The M/V Arktis Sky case (Docket No. 92-7219) recently decided by the 2nd Circuit Court of Appeals in New York raises a point of some importance to those engaged in international shipping with the United States.

The central issue on appeal was whether the Carriage of Goods by Sea Act (Cogsa) prohibited an ocean common carrier from contracting away its responsibility for loading and stowing cargo.

By was of background, Cogsa provides that every bill of lading that is evidence of a contract for the carriage of goods by sea to or from the United States, in foreign trade, shall have effect subject to the act’s provisions. Under Cogsa, the ocean carrier “shall properly and carefully load, handle, stow, carry, keep, care for, and discharge the goods carried.” The statutory duty makes the carrier liable for the negligent acts of its master, crew, stevedores and agents that relate to cargo.

It should be emphasized that Cogsa is not applicable to charter party contracts (private carriage). Parties entering into charter parties for private carriage of goods by sea are free to allocate risks contractually with the result that the responsibility for cargo loss falls on the party who agreed to perform the duty involved.

In private carriage, charter parties are commonly fixed on a “Free In-Out Stowed” basis (FIOS). The cargo will be loaded, stowed and discharged by the charterer or its stevedore, free of risks and expense to the shipowner. However, if bills of lading are issued by a ship under charter, the bills must comply with the terms of Cogsa.

The M/V Arktis Sky case was commenced in New York district court by a consignee against an ocean carrier for cargo damage caused by a shift in stow. The shipowner defended on the ground that stowage was performed by stevedores hired by the cargo shipper.

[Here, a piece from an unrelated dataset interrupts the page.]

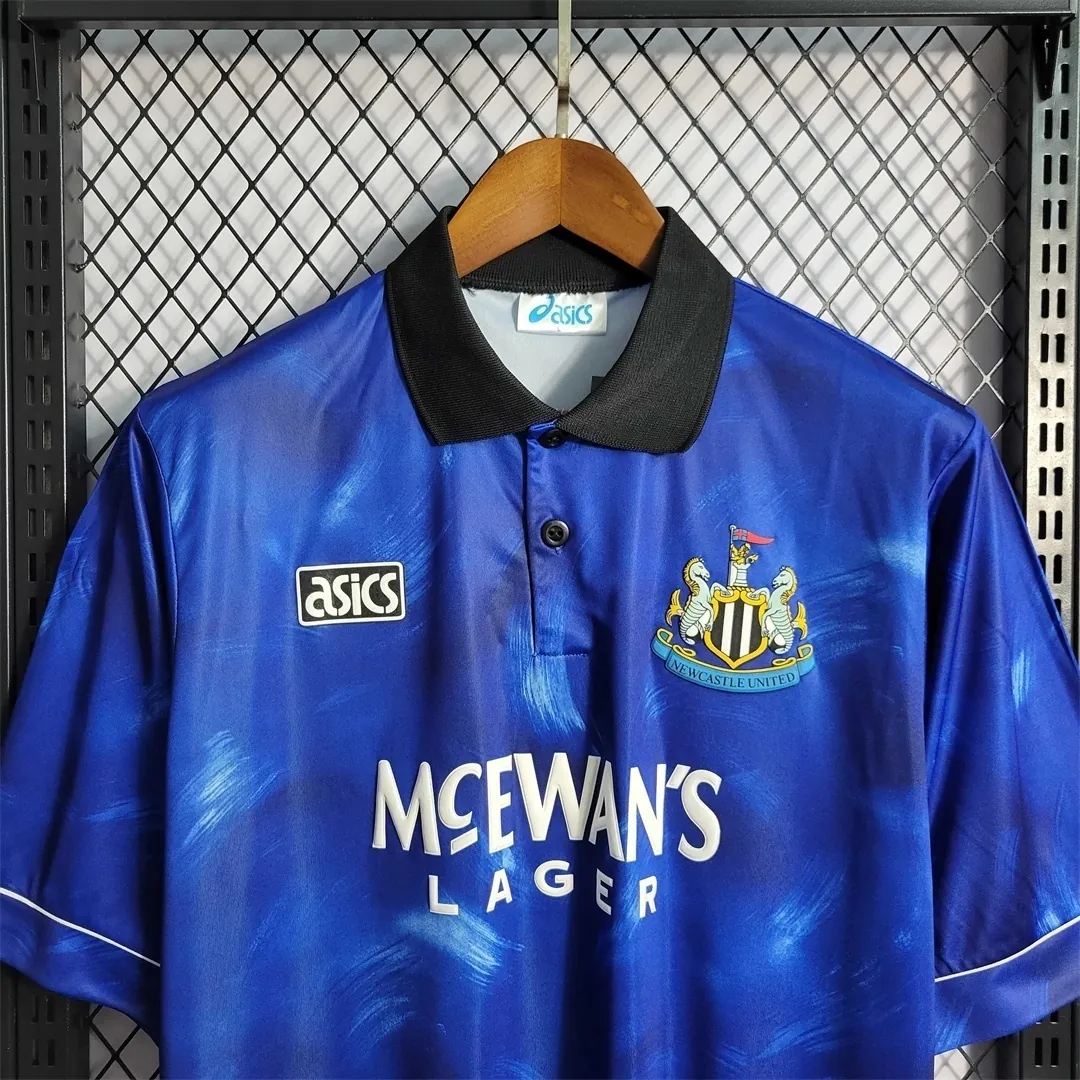 94-95 Newcastle blue away 4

The shipowner argued that it had protected itself from the responsibility of poor stowage by utilizing an FIOS clause in the negotiable bill of lading.

Two decades ago the 2nd circuit proclaimed that Cogsa creates a non-delegable duty on behalf of the common carrier to load and stow cargo properly. However, the district court in the M/V Arktis case found this proclamation to be dictum (a mere assertion) and that the carrier’s duty was not genuinely non-delegable. Thus, the district court helf “that a carrier is not responsible for the consequences of improper stowage by agents of the shipper pursuant to an FIOS bill of lading.”

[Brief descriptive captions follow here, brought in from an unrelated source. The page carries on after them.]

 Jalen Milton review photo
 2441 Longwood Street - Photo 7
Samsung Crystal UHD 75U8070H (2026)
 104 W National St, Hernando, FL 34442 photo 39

The appeals court found the district court’s holding directly contrary to Cogsa:

“Any clause . . . . in a contract of carriage relieving the carrier . . . from liability for loss or damage to . . . goods arising from negligence, fault or failure in the duties and obligations provided (to Cogsa), shall be null and void and of no effect.”

It held the FIOS agreement was “null and void” under Cogsa because it purported to relieve a carrier of liability for negligence in one of its duties, the stowage of cargo.

“There should be little doubt that the purpose of Cogsa is to place primary responsibility for the safety of the cargo upon the vessel, its operators and owners. The parties cannot by private agreement circumvent the legislative purpose of (Cogsa).”

The M/V Arktis Sky case now makes it patently clear that Cogsa prohibits an ocean common carrier from delegating its responsibility for properly loading and stowing cargo.